MLB: Philadelphia Phillies at Washington Nationals Geoff Burke-USA TODAY Sports

It’s easy to assign the climax of yesterday’s ninth inning to any particular moment: The hit batter. The first free pass. The walked-in run.

My personal favorite is the one that started it all: Matt Wieters’ at-bat. Wieters, who led off the inning for the Nationals, was a huge candidate to record an out to start the frame. Instead, he pecked a Hector Neris offering to second base and managed to scramble down the line safely. Now, a catcher with low foot speed and a weak offensive output thus far (.208 BA, .700 OPS) was on base, where he could be replaced by a faster set of legs (Rafael Bautista), which could race to third base (THIRD base!) on an off-target Neris pick-off throw, putting the tying run 90 feet from home with no outs and therefore, essentially, tying the game.

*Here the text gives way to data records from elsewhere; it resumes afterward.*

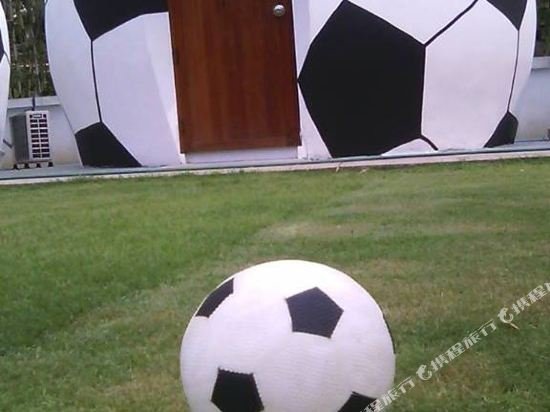 Нанг-Ронг: The Football House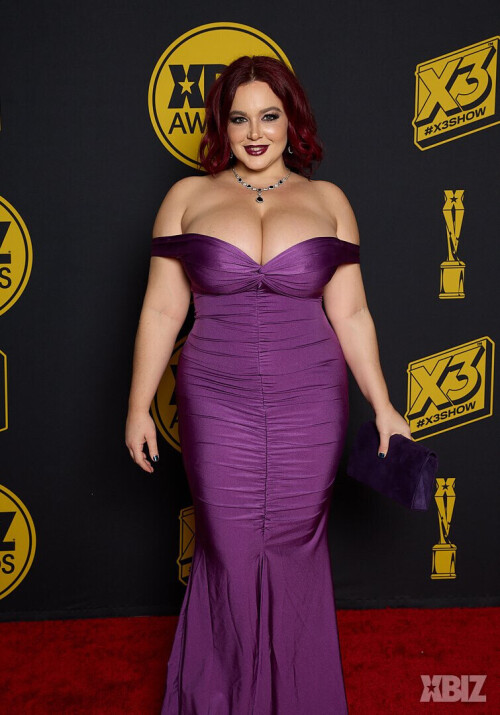 JPEG image 429B B3C1 2F 05eedd34dd147ccd0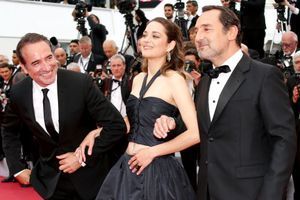 Marion Cotillard, Jean Dujardin et Gilles Lellouche entre amis sur le tapis rouge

From there, the inning’s dirtiness was undeniable. Neris had a brief encounter with his manager, then, with the bases loaded and no outs and the game tied at 4-4 and the infield converting into a desperation diamond. We’ll never know what was said between Neris and Gabe Kapler, but whatever it was, it failed to inspire the Phillies’ closer to lock things up. Wilmer Difo knocked the walk-off single and the Phillies dropped a heartbreaker in what has become for many the season’s low point.

And now for a week of debating Neris’ merits as a closer, how many chances he deserves, what Kapler could have done to prevent this, whether or not the Phillies can beat good teams, and how exactly Odubel Herrera is going to be blamed for all of this. Nobody wanted to talk about the Phillies’ crushing 5-4 loss just after the game on Sunday, but on The Dirty Inning, we went in on it anyway, just so you wouldn’t be alone.

Granted, Neris was protecting a one-run lead which, for a guy without impenetrable stuff, is a tough ask. The bullpen as a whole failed to come through late for the Phillies, as Luis Garcia recorded an out but then left after walking Moises Sierra in the eighth. Tommy Hunter then walked future hero Wilmer Difo and, yes, gets credit for subsequently striking out Bryce Harper in a key spot. But Harper is worth the same amount of outs as anyone else: One. That meant Hunter was still after that pesky third, and another Kapler committee meeting was followed by a pair of singles that loaded the bases and slimmed the lead to one run.

Maybe the mound visits are the problem, because the Phillies held another one just before Hunter chucked a wild pitch past Matt Adams, allowing base runner Trea Turner to scamper to third base. The chief difference between this inning and the final one is that Hunter eventually managed to retire Adams on strikes with the lead still “intact;” just not the same lead, and one much more susceptible to being lost. So Hunter gets kudos for getting Harper, but using up all of the insurance runs before Neris had the chance to log the save isn’t exactly helpful.

Nevertheless, Neris came out and threw one of the least watchable frames in recent Phillies history, failing to get the save, keep runners off base, or even record an out. For a guy who was 26 of 27 in save opportunities, this may seem like an anomaly. But Neris is always wobbling along that razor’s edge in exactly the way you don’t want a closer to do. This time, it cost him, and another “statement series” for this young Phillies team turned into a the wrong kind of statement.

So, where do we go from here? The Giants, a team that has scored 33 runs in its last four games, are coming to town, with the Phillies’ morale dwindling even lower than it was after the series losses to the Braves and Diamondbacks. Neris may be ready talk about Sunday at some point this week, and perhaps Kapler even sends him back out there to make a point about trust, or something. But in any case, it’s clear that the closer position is yet another area where the Phillies have some issues to address. So, add it to the list. And hope the Giants can’t hit Zach Eflin.